Note that since setInstanceCreated() actually uses the non-static
member variable: '_pInstanceCreated', I can't see the compiler taking the
liberty to call Singleton's ctor AFTER the following call. (I don't know
much about compiler optimisation, but I doubt that it will break up the ctor into
two functions and call one part of it before the following call and the other part after.
*/
instance->setInstanceCreated();
/*
The double check pattern should now work.
*/
}
getMutex()->unlock();
}
return instance;
}
No, this will not work. It is broken.
The problem has little/nothing to do with the compiler. It has to do with the order in which a second CPU will 'see' what the first CPU has done to memory. The memory (and caches) will be consistent, but the timing of WHEN each CPU decides to write or read each part of memory/cache is indeterminate.
So for CPU1:
instance = new Singleton( instanceCreated );
instance->setInstanceCreated();
Let's consider the compiler first. There is NO reason why the compiler doesn't reorder or otherwise alter these functions. Maybe like:
temp_register = new Singleton(instanceCreated);
temp_register->setInstanceCreated();
instance = temp_register;
or many other possibilities - like you said as long as single-threaded observed behaviour is consistent. This DOES include things like " break up the ctor into two functions and call one part of it before the following call and the other part after."
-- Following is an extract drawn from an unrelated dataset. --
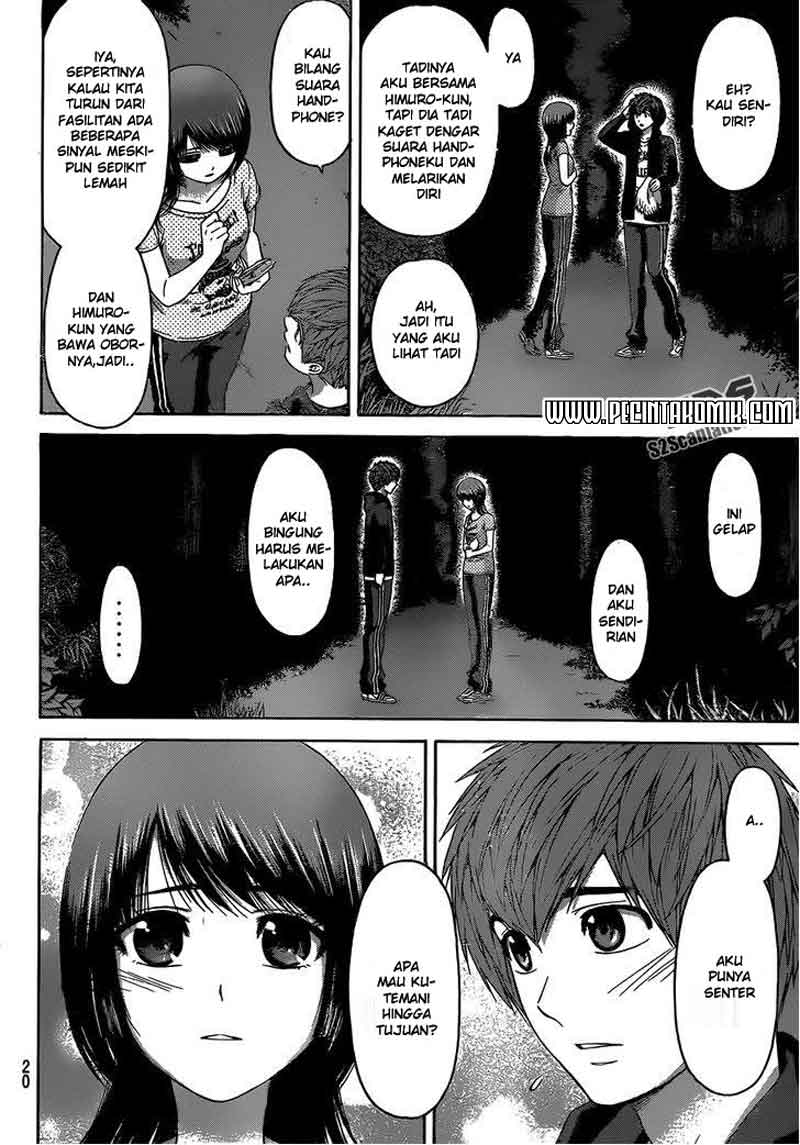 Chapter 147 - halaman 13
Now, it probably wouldn't break it up into 2 calls, but it would INLINE the ctor, particularly since it is so small. Then, once inlined, everything may be reordered, as if the ctor was broken in 2, for example.
In general, I would say not only is it possible that the compiler reordered things, it is probable - ie for the code you have, there is probably a reordering (once inlined, and inlining is likely) that is 'better' than the order given by the C++ code.
But let's leave that aside, and try to understand the real issues of double-checked locking.
So, let's just assume the compiler didn't reorder anything. What about the CPU? Or more importantly CPUs - plural.
The first CPU, 'CPU1' needs to follow the instructions given by the compiler, in particular, it needs to write to memory the things it has been told to write:
instance,
instanceCreated
other member variable of the Singleton (ie your Singleton does DO something, and has some state, doesn't it?)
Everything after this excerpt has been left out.